▶ _Prompt_: The response must consist of the lines below from the one with "Official Twitter of" through the one with "菲利克斯离开马竞的原因分析:个人发展与球队战略的冲突 菲", exactly as they appear and with both ends kept.

Top of Supplied material

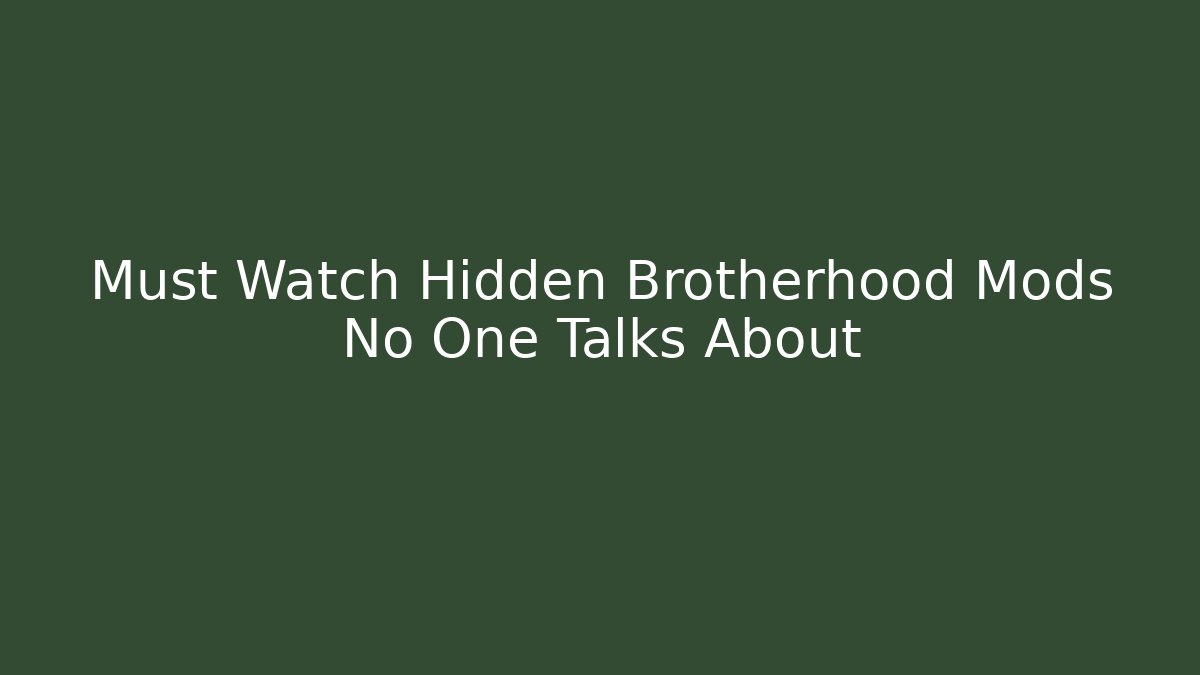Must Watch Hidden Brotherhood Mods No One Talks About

Bottom of Supplied material
Top of Supplied material

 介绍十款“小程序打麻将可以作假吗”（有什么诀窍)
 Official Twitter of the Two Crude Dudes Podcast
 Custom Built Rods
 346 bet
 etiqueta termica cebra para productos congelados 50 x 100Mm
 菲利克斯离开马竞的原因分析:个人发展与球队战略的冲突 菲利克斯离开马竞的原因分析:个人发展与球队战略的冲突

Bottom of Supplied material

▶ _Exercise answer_:
 Official Twitter of the Two Crude Dudes Podcast
 Custom Built Rods
 346 bet
 etiqueta termica cebra para productos congelados 50 x 100Mm
 菲利克斯离开马竞的原因分析:个人发展与球队战略的冲突 菲利克斯离开马竞的原因分析:个人发展与球队战略的冲突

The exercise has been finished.